Die Richter stellten darauf ab, dass die Unterscheidungskraft bei allen Waren und Dienstleistungen fehle, die mit der Fußballweltmeisterschaft üblicherweise verbunden werden. Dies sind zum Beispiel alle mit einer Fußballweltmeisterschaft üblicherweise verbundenen Dienstleistungen wie Reisedienste, Beförderung und Bewirtung, aber auch Bekleidungsstücke, Zuckerwaren und Bier. Im Gegensatz dazu besteht bei Waren und Dienstleistungen, die alltäglich verwendet werden und gerade keinen besonderen Bezug zur WM aufweisen, die Unterscheidungskraft. Das Gericht hat beispielhaft technische Geräte, die alltägliche Verwendung finden, und Merchandisingprodukte, die keinerlei Bezug zur WM haben, aufgezählt.
Aus Sicht des BGH war entscheidend, dass der Verkehr die Bezeichnung „WM 2006“ im Hinblick auf Waren, die einen Bezug zur Weltmeisterschaft haben, als beschreibende Angabe verstehe und gerade als Hinweis auf das Sportereignis selbst, nicht aber als Hinweis auf den Anbieter.
Rechtliche Konsequenz
Auch im Jahr 2009 befassten sich deutsche Gerichte mit der Eintragungsfähigkeit von Marken im Zusammenhang mit der WM 2010. Zu nennen ist hier die Entscheidung des BPatG, die sich mit der Unterscheidungskraft der Bezeichnung „WM 2010“ befasst (BPatG, Beschluss vom 25.11.2009 – 25 W (pat) 38/09). Die Entscheidung des BPatG steht – wenig überraschend – im Einklang mit der zuvor dargestellten Rechtsprechung des BGH und entspricht im Ergebnis den Grundsätzen, die der BGH zur Bezeichnung „WM 2006“ aufgestellt hatte.

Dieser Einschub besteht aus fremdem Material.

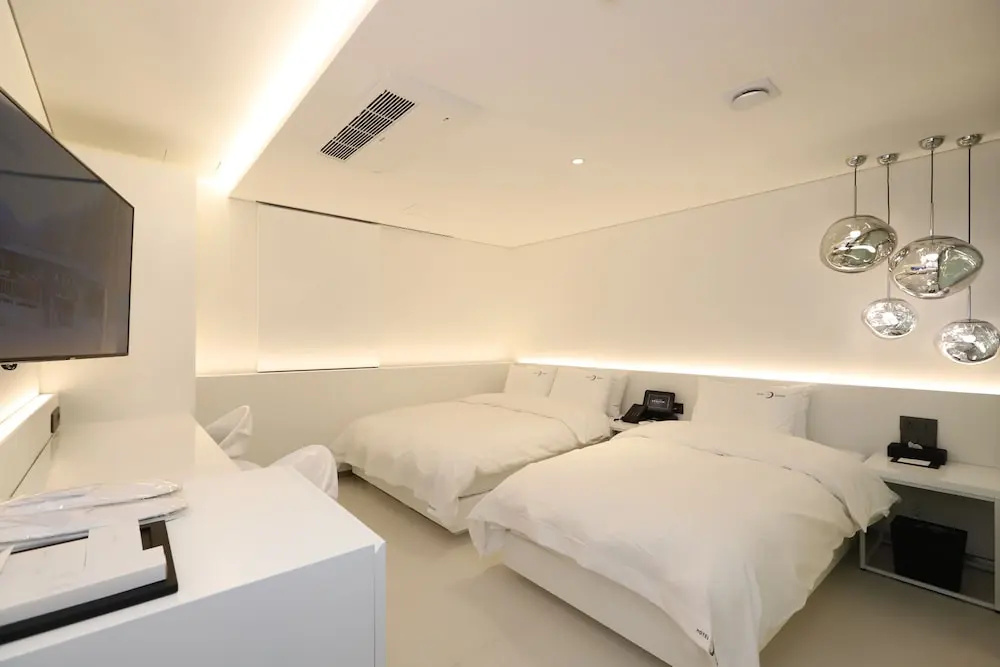 Standard Double room (twin beds)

Insgesamt liegen damit mehrere gerichtliche Entscheidungen vor, die im Hinblick auf die markenrechtliche Beurteilung für die WM 2018 herangezogen werden können.
Daraus folgt, dass die Bezeichnung „FUSSBALL WM 2018“ wegen fehlender Unterscheidungskraft nicht als Marke registriert werden kann, diesbezüglich kein markenrechtlicher Schutz besteht und diese Bezeichnung frei verwendet werden kann. Einen Freibrief für die Benutzung der Bezeichnung „WM 2018“ gibt es hingegen nicht, da eine freie Benutzung nur für bestimmte Waren und Dienstleistungen gilt, die gerade einen Bezug zur WM aufweisen, wie zum Beispiel Bekleidungsstücke.